### [Records for the exercise]
----

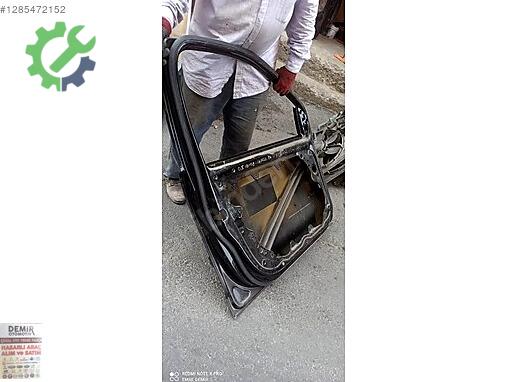 Volkswagen Polo Sol Ön Kapı çıkma parça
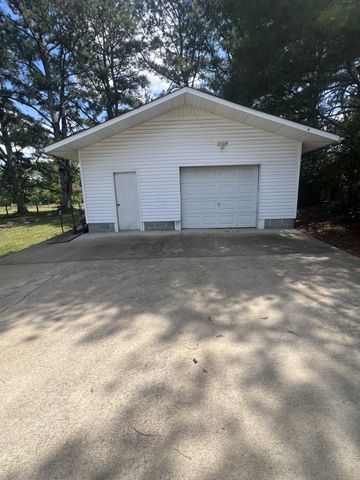 149 Hawthorne Rd, Pulaski, TN 38478
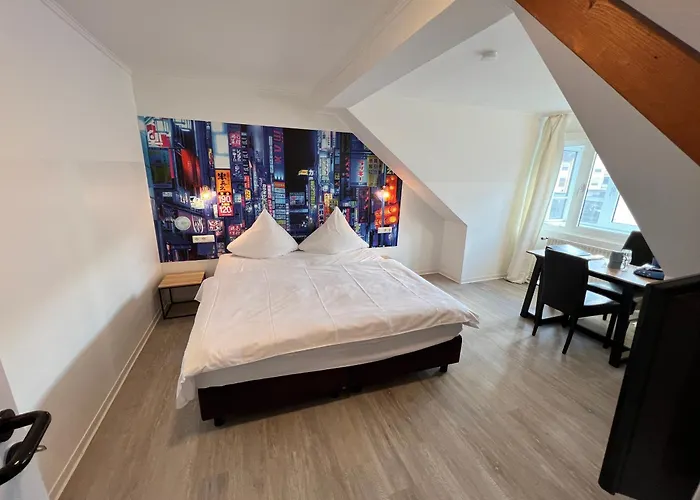 Hotel Bitzer Backnang Zentrum 24h Check In Frühstück zubuchbar gratis Parkplätze
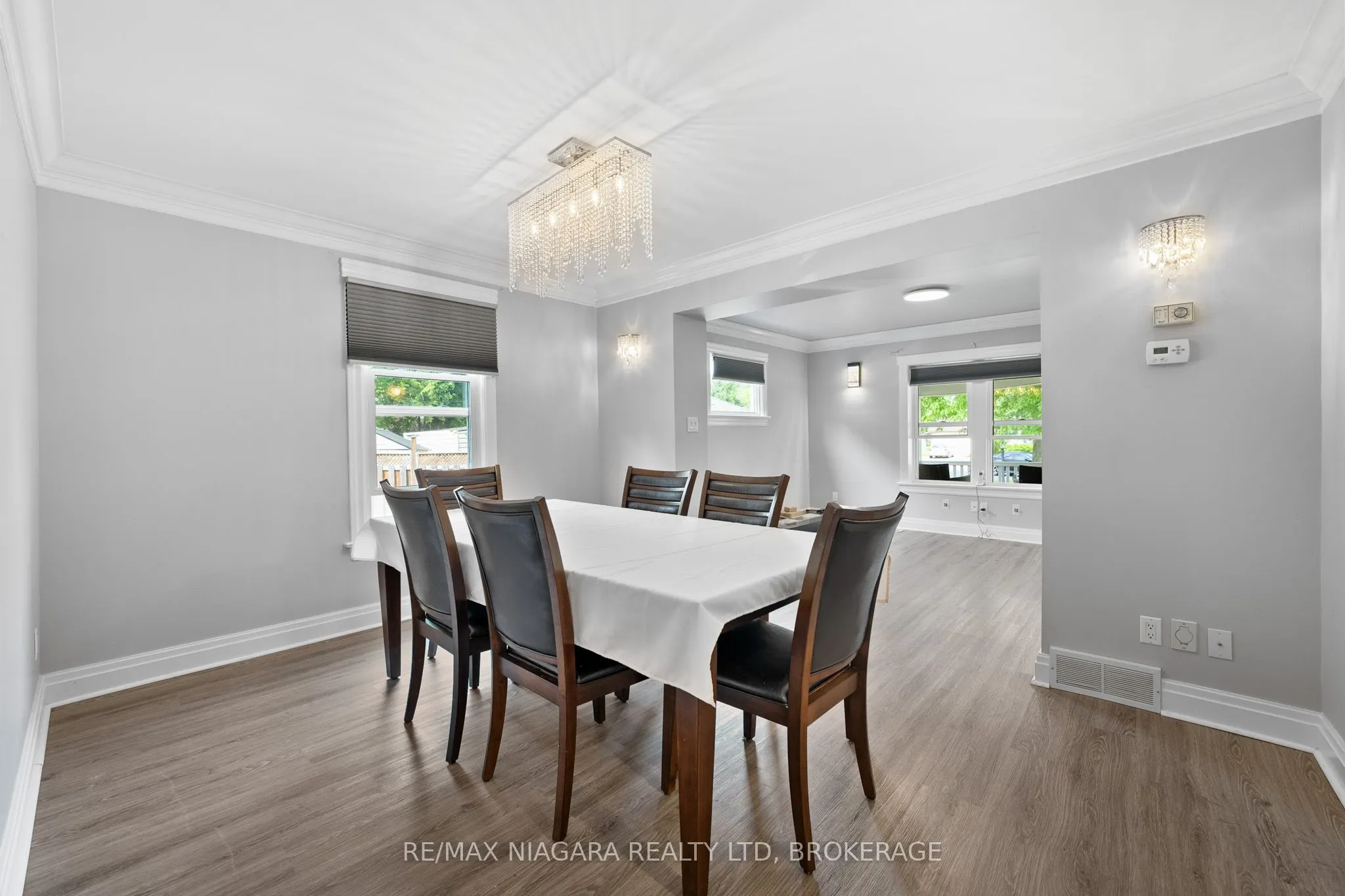 2969-2971 Portage Road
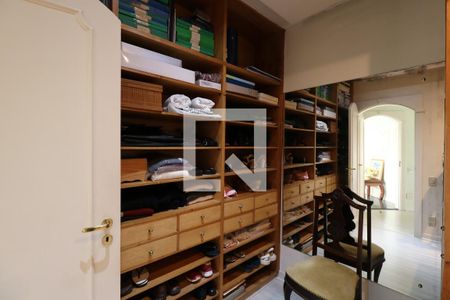 Casa à venda com 650m², 5 quartos e 3 vagasCloset da Suíte 5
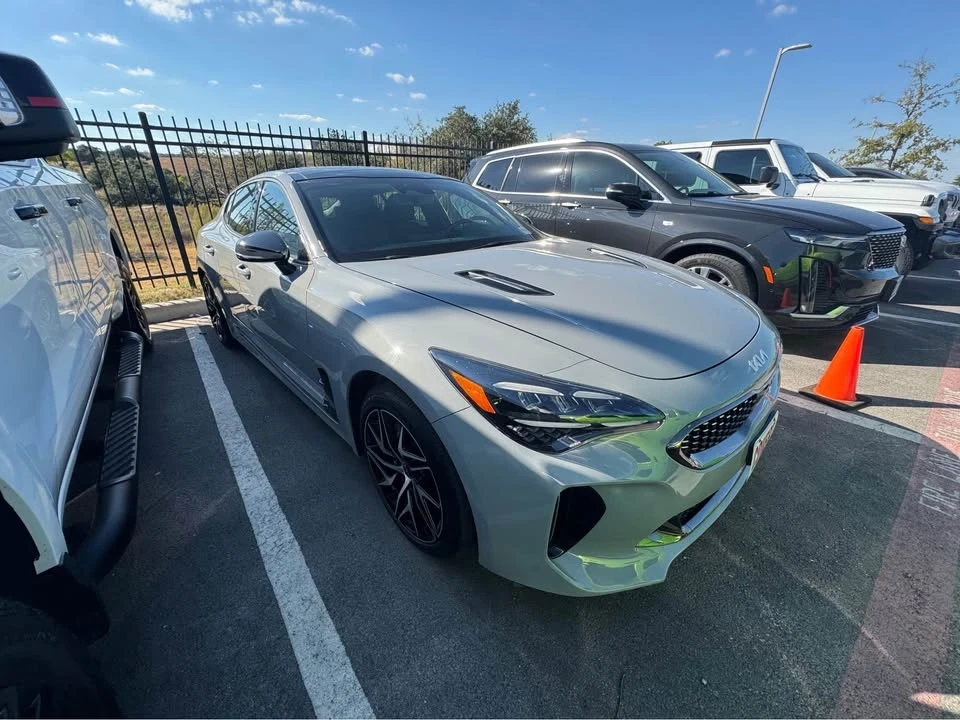2023 Kia Stinger - Image 7 of 11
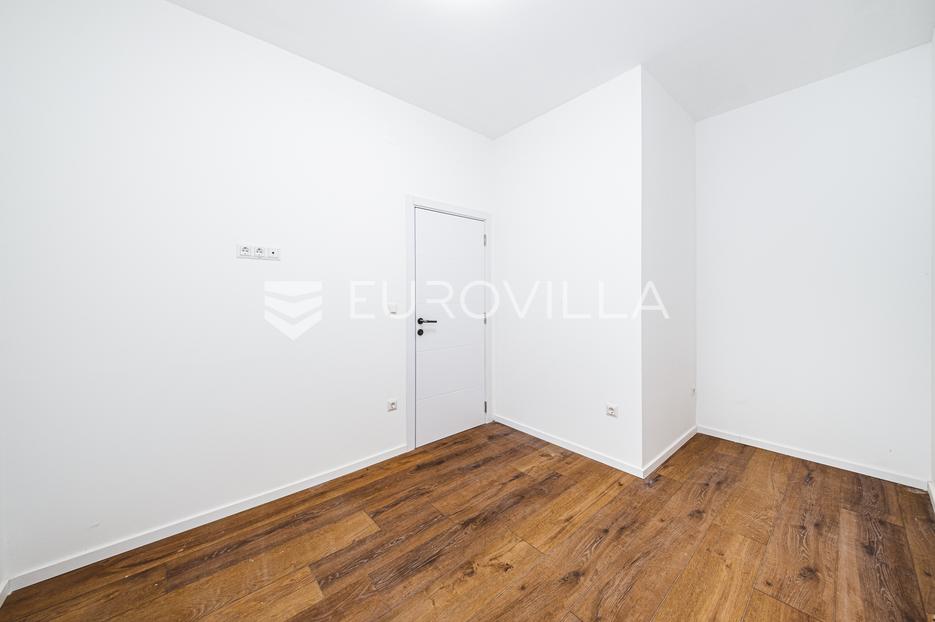 Kuća Na prodaju -  Gornja Dubrava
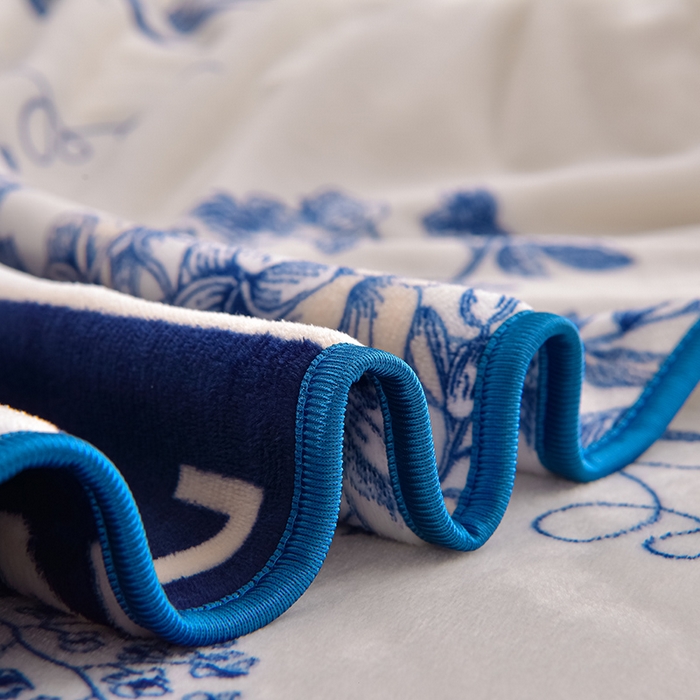 91家纺网 家纺一手货源 找家纺 佳品居 2025新款8斤床裙款牛奶绒四件套 恋佳人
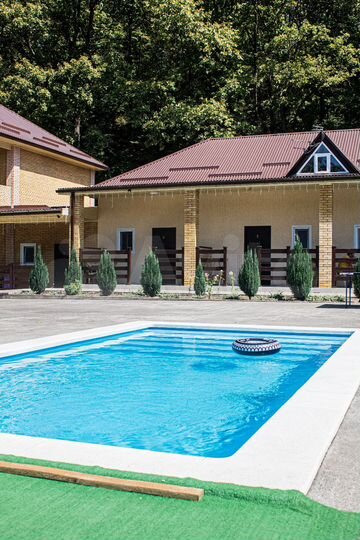 Комната 80 м², 2/2 эт.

----

### [Instructions to follow]
Type the listing out again word for word, passing over each picture.

### [Solution for this task]
 Volkswagen Polo Sol Ön Kapı çıkma parça
 149 Hawthorne Rd, Pulaski, TN 38478
 Hotel Bitzer Backnang Zentrum 24h Check In Frühstück zubuchbar gratis Parkplätze
 2969-2971 Portage Road
 Casa à venda com 650m², 5 quartos e 3 vagasCloset da Suíte 5
2023 Kia Stinger - Image 7 of 11
 Kuća Na prodaju -  Gornja Dubrava
 91家纺网 家纺一手货源 找家纺 佳品居 2025新款8斤床裙款牛奶绒四件套 恋佳人
 Комната 80 м², 2/2 эт.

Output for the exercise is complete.